On differentiating the function we get:
$\dfrac{dy}{dx}=\dfrac{d\left[ 2{{\left( x-1 \right)}^{\dfrac{3}{2}}} \right]}{dx}$
The formula used here to differentiate the curve is, if a term ${{x}^{n}}$ is given then on differentiation it becomes $n\times {{x}^{n-1}}$ , so on applying same on the above function we get:
$\Rightarrow 2\times \dfrac{3}{2}{{\left( x-1 \right)}^{\dfrac{1}{2}}}$
$\Rightarrow 3\sqrt{x-1}$
Now, we will ahead towards the 2nd step which is to find the value of ${{\left( \dfrac{dy}{dx} \right)}^{2}}$
$\Rightarrow {{\left( \dfrac{dy}{dx} \right)}^{2}}={{[3\sqrt{x-1}]}^{2}}$
On squaring the above term we get:
$\Rightarrow 9(x-1)$
On finding the value of $\sqrt{1+{{\left( \dfrac{dy}{dx} \right)}^{2}}}$, we get
$\Rightarrow \sqrt{1+9(x-1)}$
$\Rightarrow \sqrt{9x-8}$
Further, we will integrate the equation $\sqrt{1+{{\left( \dfrac{dy}{dx} \right)}^{2}}}$with respect to $dx$ with the limit $[1,5]$.

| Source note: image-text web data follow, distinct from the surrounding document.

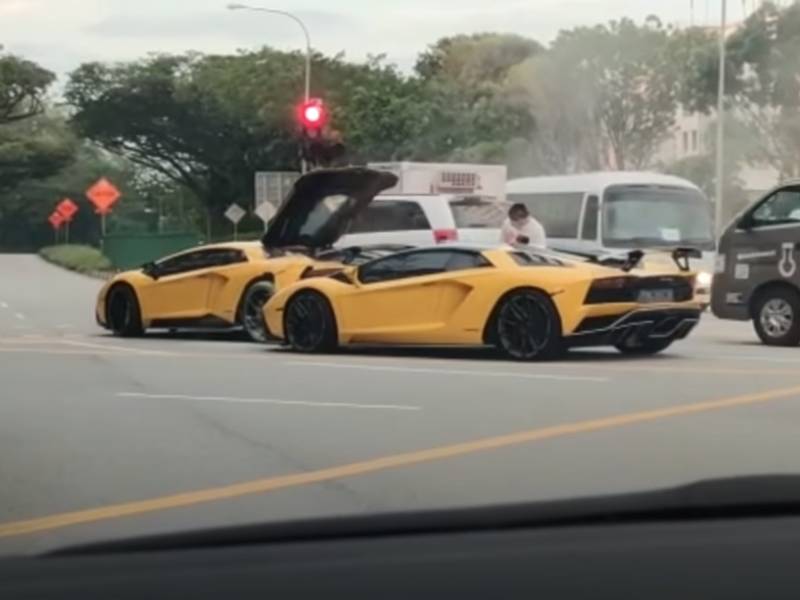 Orang ramai sempat merakamkan video kejadian di Sembawang, Singapura baru-baru ini.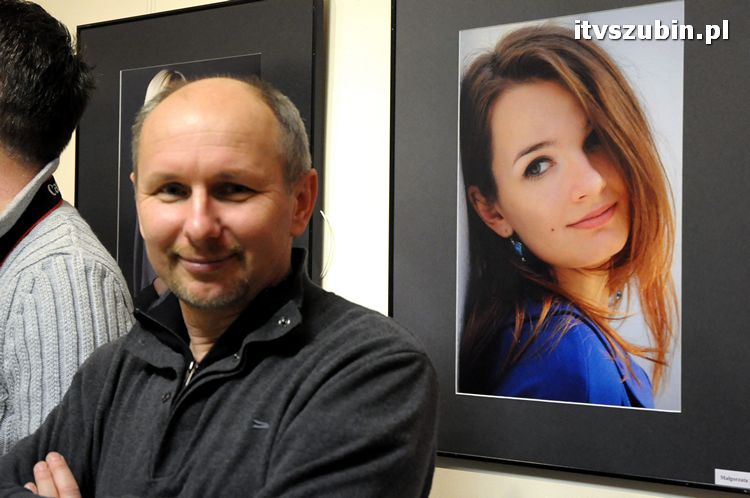 Wernisaż ?Oblicza twarzy? w galerii Flesz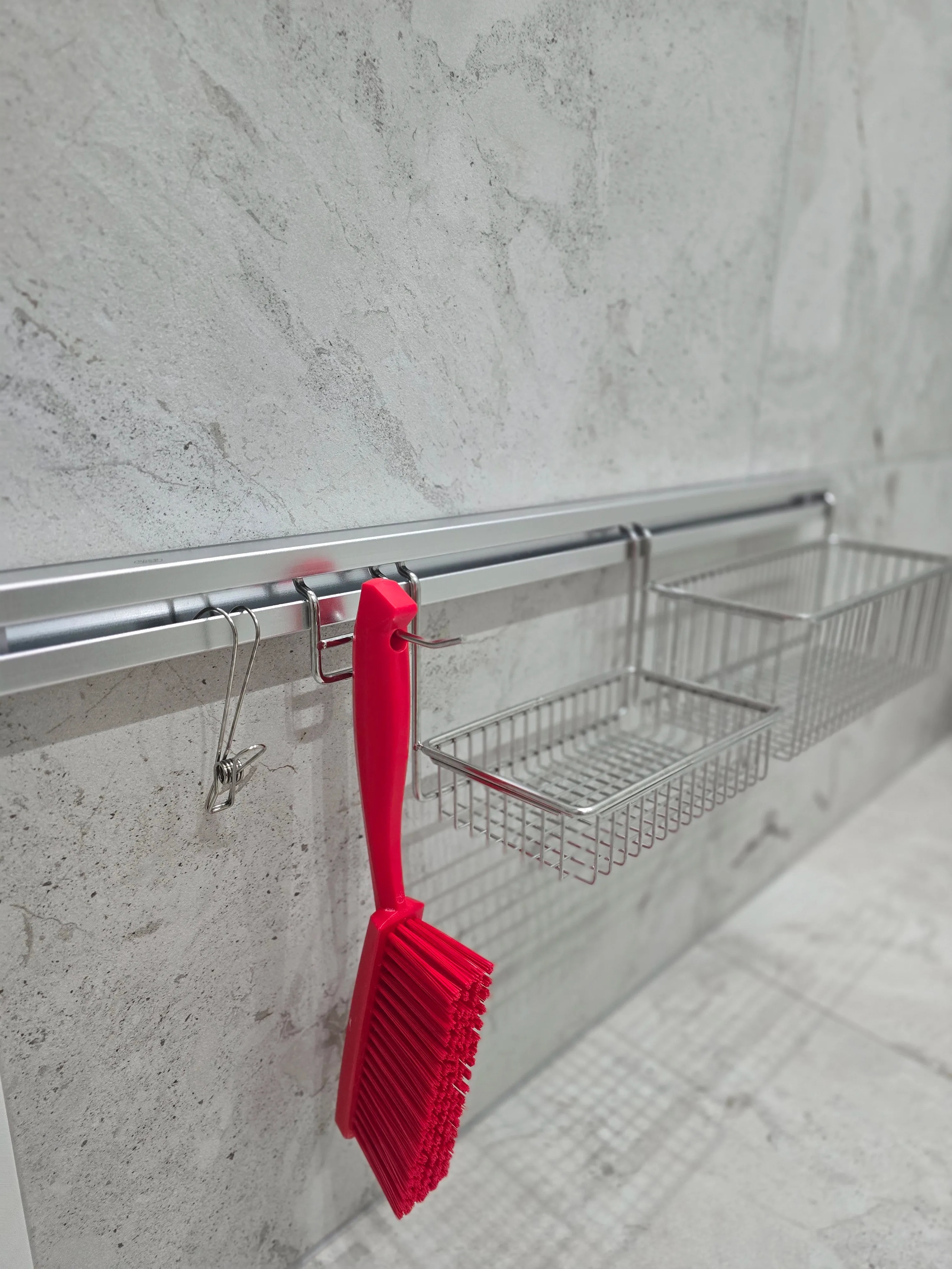 Modular Wall Rail Storage Organizer user photo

Use the formula $\int\limits_{a}^{b}{\sqrt{1+{{\left( \dfrac{dy}{dx} \right)}^{2}}}}dx$, where $a$is $1$ and $b$ is$5$. Hence putting the value in the above formula, we get
$\Rightarrow \int\limits_{a}^{b}{\sqrt{9x-8}}dx$
On integrating the number, we use the formula ${{x}^{n}}$ we get ${{\dfrac{x}{n+1}}^{n+1}}$, so applying the same we get:
$\Rightarrow \int\limits_{1}^{5}{\sqrt{9x-8}dx}$
$\Rightarrow \int\limits_{1}^{5}{\dfrac{2}{3\times 9}{{(9x-8)}^{\dfrac{3}{2}}}dx}$
On multiplying the denominator we get
$\Rightarrow \left[ \dfrac{2}{27}{{(9x-8)}^{\dfrac{3}{2}}}dx \right]_{1}^{5}$
We will now apply the limits on the above expression
$\Rightarrow \dfrac{2}{27}\left[ {{\left( 9\times 5-8 \right)}^{\dfrac{3}{2}}}-{{(9\times 1-8)}^{\dfrac{3}{2}}} \right]$
On calculating we get
$\Rightarrow \dfrac{2}{27}\left[ {{\left( 45-8 \right)}^{\dfrac{3}{2}}}-{{(9-8)}^{\dfrac{3}{2}}} \right]$
$\Rightarrow \dfrac{2}{27}\left[ {{\left( 37 \right)}^{\dfrac{3}{2}}}-{{(1)}^{\dfrac{3}{2}}} \right]$
$\Rightarrow \dfrac{2}{27}\left[ {{\left( 37 \right)}^{\dfrac{3}{2}}}-1 \right]$
$\therefore$The length of the arc for the given curve in the interval $\left[ 1,5 \right]$ is $\dfrac{2}{27}\left[ {{\left( 37 \right)}^{\dfrac{3}{2}}}-1 \right]$.

Note: We need to keep in mind the formulas of differentiation and integration. The steps are lengthy, so we need to take care of the calculation in each step. Proper and step by step solutions will help you to solve the problem without any error.